The U.S. responded by repeating its demand that North Korea must first agree to a plan to verify an accounting of nuclear programs it submitted in June, if it wants to be taken off the list.
White House press secretary Dana Perino said she had heard the reports, but could not confirm that North Korea had begun to reassemble its nuclear facility.
"We will be taking an assessment along with our international partners. This is not a decision that the United States makes alone," she told reporters aboard Air Force One as it flew to Louisiana where President Bush was surveying damage from Hurricane Gustav.
"We're obviously troubled by it and it's very unfortunate for the North Korean people who could be greatly helped by the action-for-action mechanism," she said. "And once North Korea simply agrees to a a verification protocol, then the United States will take them off of our state sponsor of terrorism list , but we're not going to do it without it."
North Korea carried out an underground nuclear test blast in October 2006.
But the country began disabling its nuclear plant in Yongbyon, north of the capital Pyongyang, in November. It later slowed the work to protest a delay in the provision of promised aid from its negotiating partners.
Disarmament efforts reported major progress in June after the North submitted its long-delayed nuclear declaration and destroyed its nuclear cooling tower in a show of its commitment to denuclearization.
The U.S. then announced it would delist the North from the terrorism blacklist, a coveted goal of the North's cash-strapped regime. But it says it has not done so yet because of the dispute over verification.
South Korea's government is "seriously concerned" over the North Korean move, a ministry statement said. It said South Korea was urging North Korea not to further aggravate the situation.
The Foreign Ministry refused to disclose how it confirmed the North had began work to restore its nuclear facilities.

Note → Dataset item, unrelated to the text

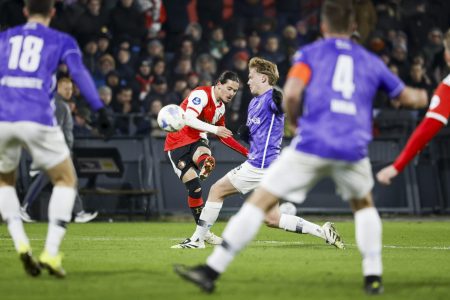 Feyenoord win at last but injury woes pile up for Van Persie Feyenoord win at last but injury woes pile up for Van Persie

The South Korean statement was vague about the exact timing of the North's resumption of work on its nuclear facilities. South Korea's Yonhap news agency reported that the work began Wednesday.
South Korean and U.S. officials have said that it would take at least a year for the North to restart the facilities after they are completely disabled.
The Vienna-based International Atomic Energy Agency said it had no immediate comment on Wednesday's claims.